Giant "Forbidden Planet" Rewrites Formation Theories
Astronomers using the James Webb Space Telescope discovered a Jupiter-sized planet orbiting a tiny star that shouldn't exist, with an atmosphere that challenges everything we thought we knew about how planets form.
Scientists just found a planet that breaks all the rules, and it's revealing secrets about how worlds are born across the universe.
TOI-5205 b is a giant planet roughly the size of Jupiter, but it orbits a red dwarf star that's only 40% the mass of our Sun. According to every established model of planet formation, this combination should be impossible, earning it the nickname "forbidden planet."
When the planet passes in front of its tiny star, it blocks nearly 6% of the light, creating a dramatic signal that allowed the James Webb Space Telescope to study its atmosphere in unprecedented detail. What researchers found has them rethinking decades of planetary science.
The atmosphere contains methane and hydrogen sulfide, but it's missing something crucial. The planet has far fewer heavy elements than scientists expected, making it actually less metal-rich than the star it orbits.
Dr. Anjali Piette from the University of Birmingham called this discovery groundbreaking. "The planet having a lower metallicity than its own host star makes it stand out among all the giant planets that have been studied to date," she explained.

Most gas giants, including Jupiter, show the opposite pattern, with atmospheres enriched in heavier elements compared to their stars. TOI-5205 b completely flips that expectation.
Advanced modeling suggests the planet could be hiding up to 100 times more heavy elements deep in its interior than what appears in its atmosphere. During formation, these heavier materials apparently sank inward and became trapped in the core, never mixing back up to the surface.

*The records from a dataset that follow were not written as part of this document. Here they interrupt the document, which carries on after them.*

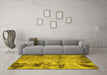 Machine Washable Abstract Yellow Modern Rug in a Living Room, wshabs785yw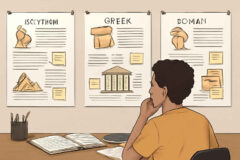 Como escolher entre mitologia egípcia, grega e romana para prova, redação ou seminário sem confundir função, símbolos e contexto
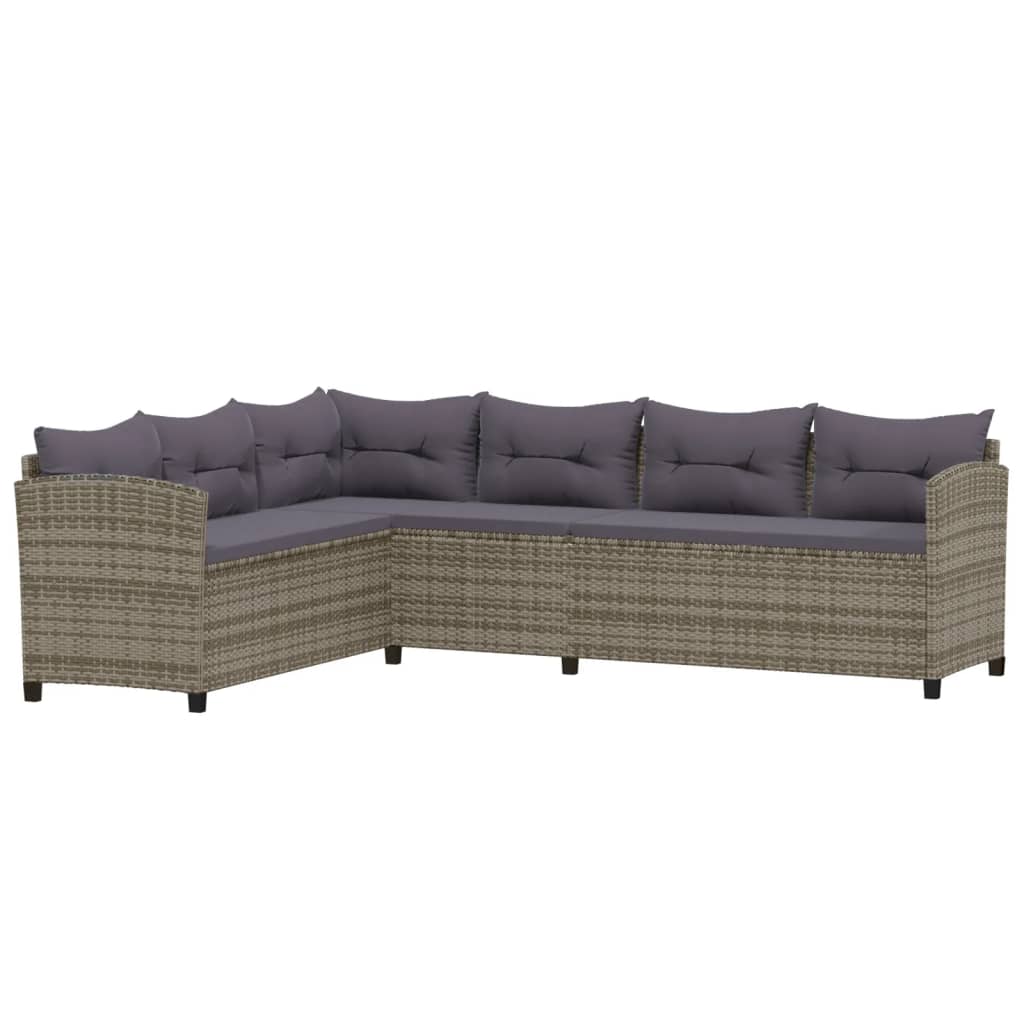 6-delige Loungeset met kussens poly rattan grijs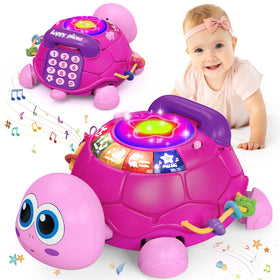 Ussybaby musical turtle toy in crawling mode encourages movement and exploration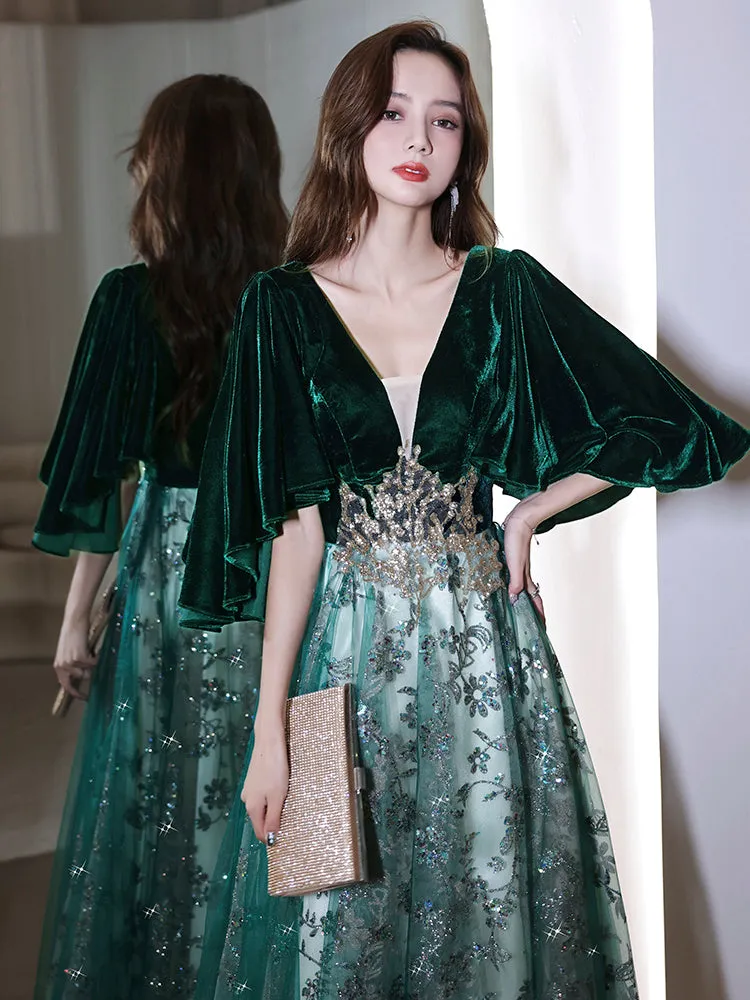 Dark Green Velvet with Tulle Long Party Dress, Dark Green A-line Formal Dress Prom Dress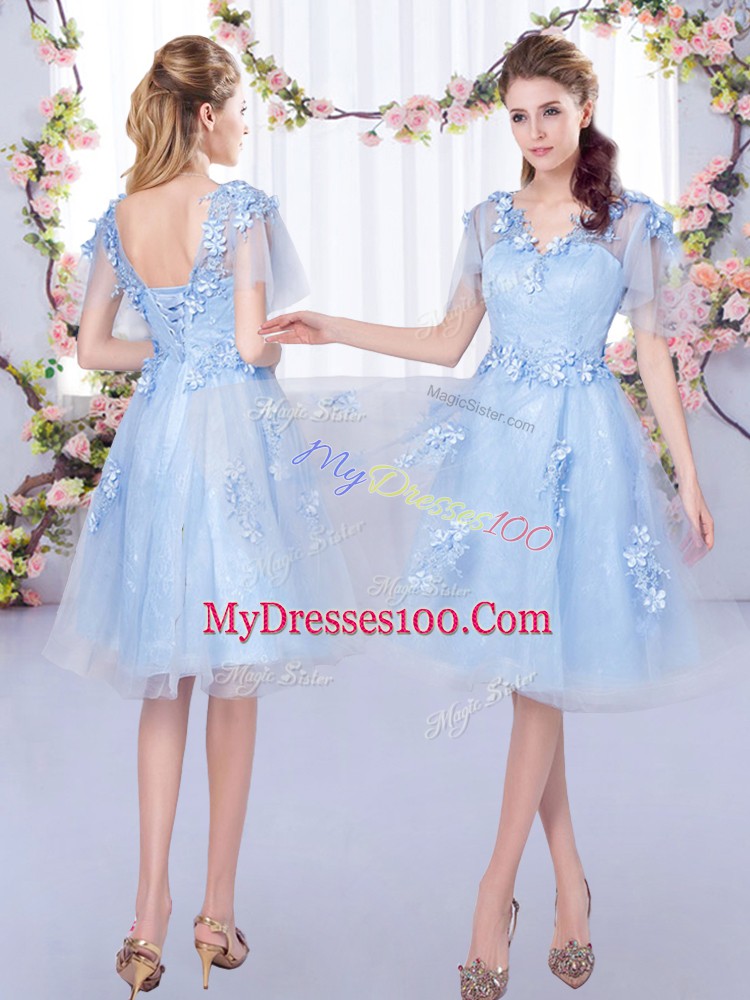 Classical Tulle V-neck Short Sleeves Lace Up Appliques Bridesmaid Dress in Light Blue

Dr. Shubham Kanodia from Carnegie Science noted this separation between interior and atmosphere hints at something fascinating. Once the planet formed, its internal structure locked into place, preventing heavier elements from resurfacing.
Why This Inspires
This discovery shows how much we still have to learn about our universe. Every time we point our most advanced telescopes at the sky, we find something that challenges our assumptions and expands our understanding.
The "forbidden planet" proves that nature is more creative than our theories. If similar hidden compositions exist in other giant planets, astronomers may need to completely rethink how they interpret atmospheric observations across the galaxy.
The research team's findings remind us that some of the most exciting scientific breakthroughs come from finding things that shouldn't exist. Each impossible discovery opens new doors to understanding how planetary systems form and evolve throughout the cosmos.
This world that defies the rules is teaching us to write better ones.